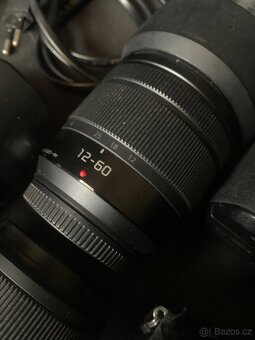 2x Lumix G7 + 3x objektiv + 13x paměťová karta + 3x baterie - 2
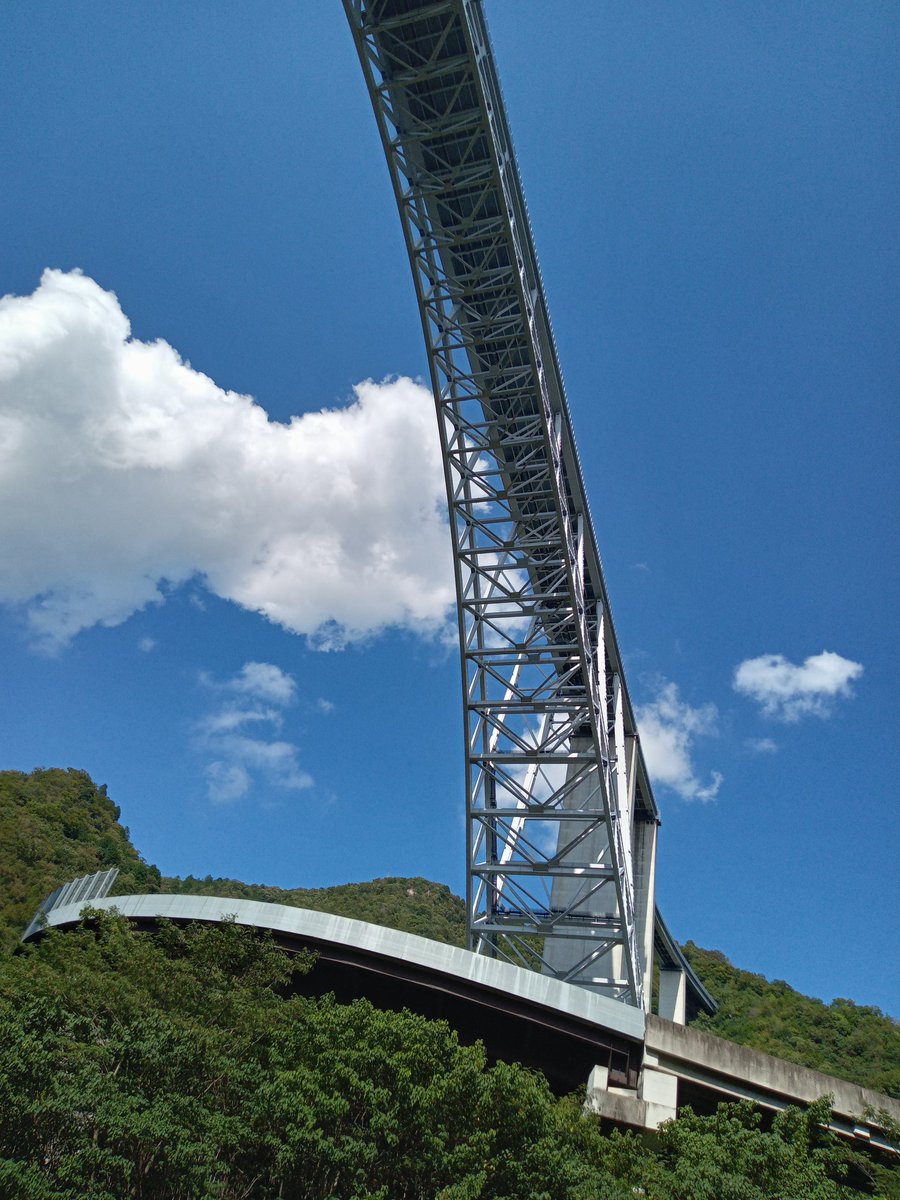 HiroshimaYasu's tweet photo. 気になっていた　#広島空港大橋
アーチの高さは５０階建てのビルに匹敵するという
下から見上げた後に車で走ったので、得も言われぬスリルを感じた
また真下から見上げカメラを
向けたときもスリル感が‥
#アーチ橋　#日本一 https://t.co/ummHJMZU6s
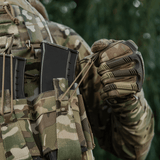 M-Tac Frontpanel til Plate Carrier Cuirass QRS til 4 Magasiner i brug, der demonstrerer hurtig omladning og holdbarhed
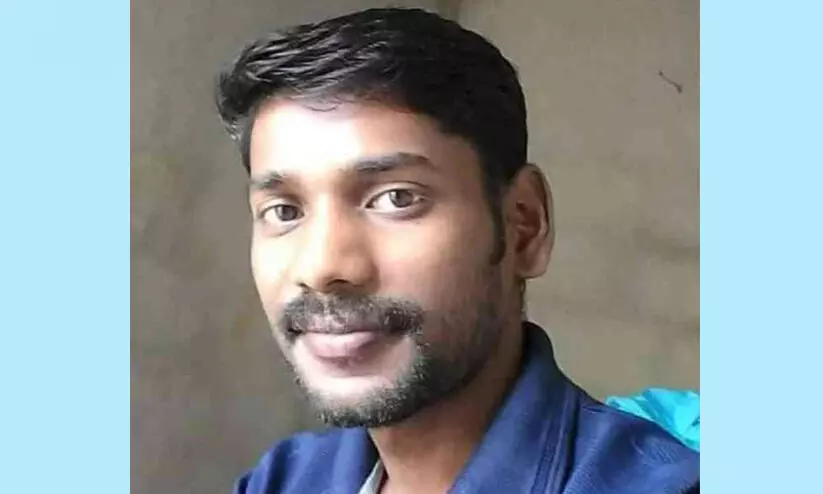 കെ.എസ്.ആർ.ടി.സി ബസ്സും ഇരുചക്രവാഹനവും കൂട്ടിയിടിച്ച് യുവാവ് മരിച്ചു കെ.എസ്.ആർ.ടി.സി ബസ്സും ഇരുചക്രവാഹനവും കൂട്ടിയിടിച്ച് യുവാവ് മരിച്ചു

________________________________________

AIM OF THE TASK:
Would you repeat the entries exactly, but with no pictures?

ANSWER SPACE:
 2x Lumix G7 + 3x objektiv + 13x paměťová karta + 3x baterie - 2
 HiroshimaYasu's tweet photo. 気になっていた　#広島空港大橋
アーチの高さは５０階建てのビルに匹敵するという
下から見上げた後に車で走ったので、得も言われぬスリルを感じた
また真下から見上げカメラを
向けたときもスリル感が‥
#アーチ橋　#日本一 https://t.co/ummHJMZU6s
 M-Tac Frontpanel til Plate Carrier Cuirass QRS til 4 Magasiner i brug, der demonstrerer hurtig omladning og holdbarhed
 കെ.എസ്.ആർ.ടി.സി ബസ്സും ഇരുചക്രവാഹനവും കൂട്ടിയിടിച്ച് യുവാവ് മരിച്ചു കെ.എസ്.ആർ.ടി.സി ബസ്സും ഇരുചക്രവാഹനവും കൂട്ടിയിടിച്ച് യുവാവ് മരിച്ചു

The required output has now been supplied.